Embodiments of this application relate to the encoding and decoding field, and in particular, to a device-cloud collaboration system, an encoding and decoding method, and an electronic device.
In many scenarios (for example, games, virtual reality (VR)/augmented reality (AR)), rendering needs to be performed to generate an image, so that the obtained image is more realistic and use experience of users is improved. Rendering requires strong computational power. Limited by objective physical conditions such as a device size and power consumption, computational power of a device-side device is usually far weaker than that of a cloud-side server. Therefore, rendering is usually deployed on the cloud-side server. The cloud-side server performs rendering, compresses a rendered image/video, and sends the compressed rendered image/video to the device-side device for display by the device-side device.
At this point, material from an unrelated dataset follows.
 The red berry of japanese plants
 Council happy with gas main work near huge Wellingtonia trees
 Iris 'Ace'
As people's requirements for rendering quality are continuously improved and definition of display devices is continuously improved, image quality and resolution of the rendered image/video are also continuously improved accordingly. Consequently, bit rate overheads of the compressed rendered image/video are increased, network bandwidth occupation is increased, and an interaction delay is large. In the conventional technology, a cloud-side server usually encodes and transmits a rendered low-resolution image/video, and transmits, to a device-side device, an intermediate rendering result generated in a process of rendering a high-resolution image/video. The device-side device performs, based on the intermediate rendering result delivered by the cloud-side server, upsampling on a rendered low-resolution image/video delivered by a cloud side, to generate a high-resolution to-be-displayed image/video for display. In this way, although bit rate overheads can be reduced to some extent, encoding efficiency is still low.
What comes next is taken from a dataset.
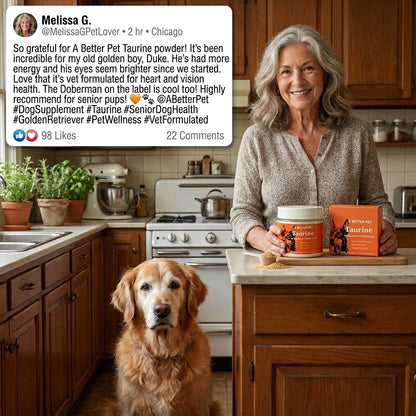 Taurine Powder for Dogs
In view of this, this application provides a device-cloud collaboration system, an encoding and decoding method, and an electronic device. The encoding and decoding method is implemented based on the device-cloud collaboration system, and can reduce an interaction delay while ensuring that bit rate overheads of a data stream transmitted by a server to a terminal device are effectively reduced.
According to a first aspect, an embodiment of this application provides a device-cloud collaboration system. The device-cloud collaboration system includes a server and a terminal device, the server includes a first rendering module, an encoder, and a first communication module, and the terminal device includes a second communication module, a second rendering module, and a decoder.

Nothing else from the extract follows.